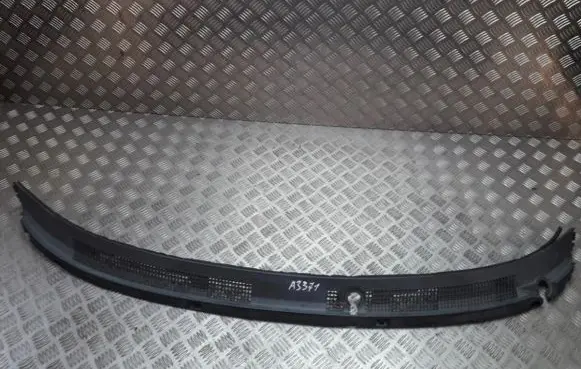 Mitsubishi Space Runner Wiper trim mb667256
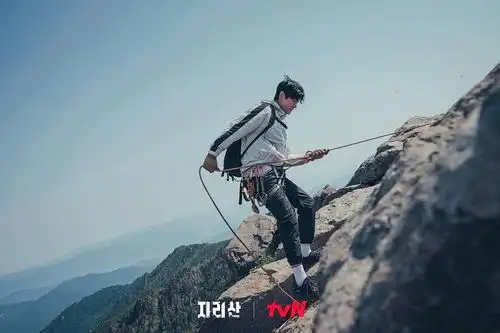 宋慧乔新剧剧照公开2021下半年回归的韩剧女神,林秀晶少女感太强,李英爱形象差超多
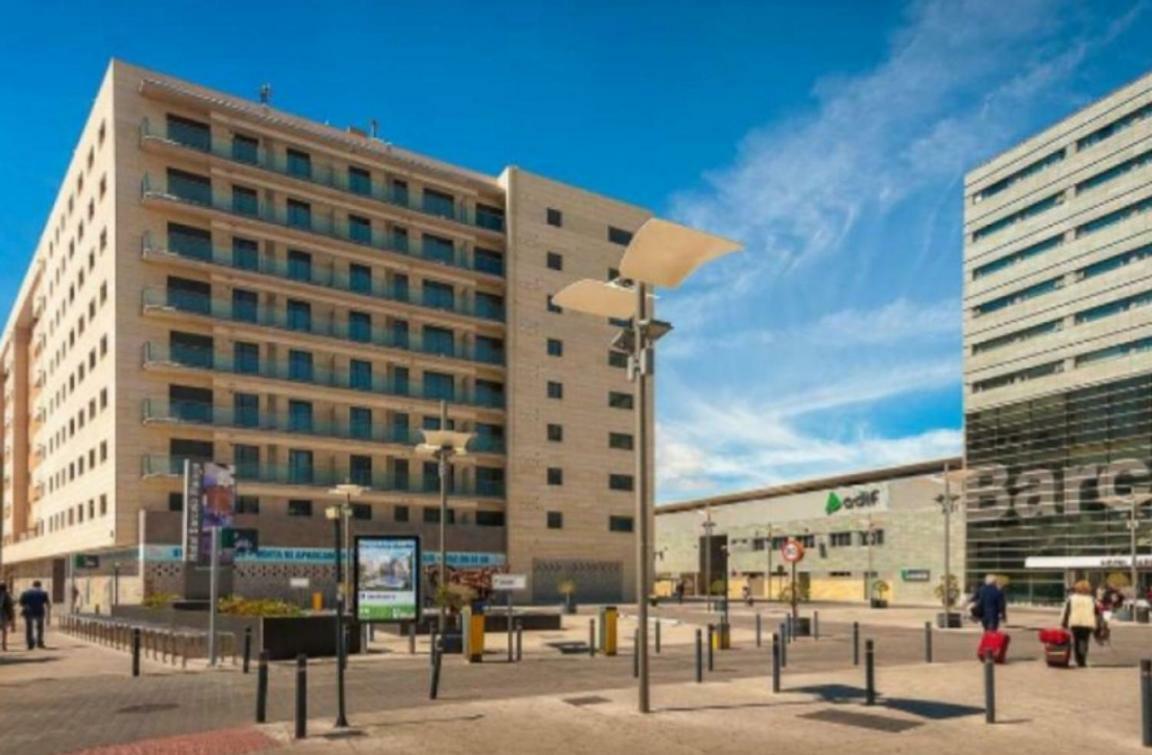 Keywise Perfect Location Next To Maria Zambrano Station, Central , Beach ,Pool And Free Parking 马拉加 外观 照片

● ● ● ●

■ Problem requirements
All of the material above should be written out exactly as given, minus any images.

■ Solution to the problem
 Mitsubishi Space Runner Wiper trim mb667256
 宋慧乔新剧剧照公开2021下半年回归的韩剧女神,林秀晶少女感太强,李英爱形象差超多
 Keywise Perfect Location Next To Maria Zambrano Station, Central , Beach ,Pool And Free Parking 马拉加 外观 照片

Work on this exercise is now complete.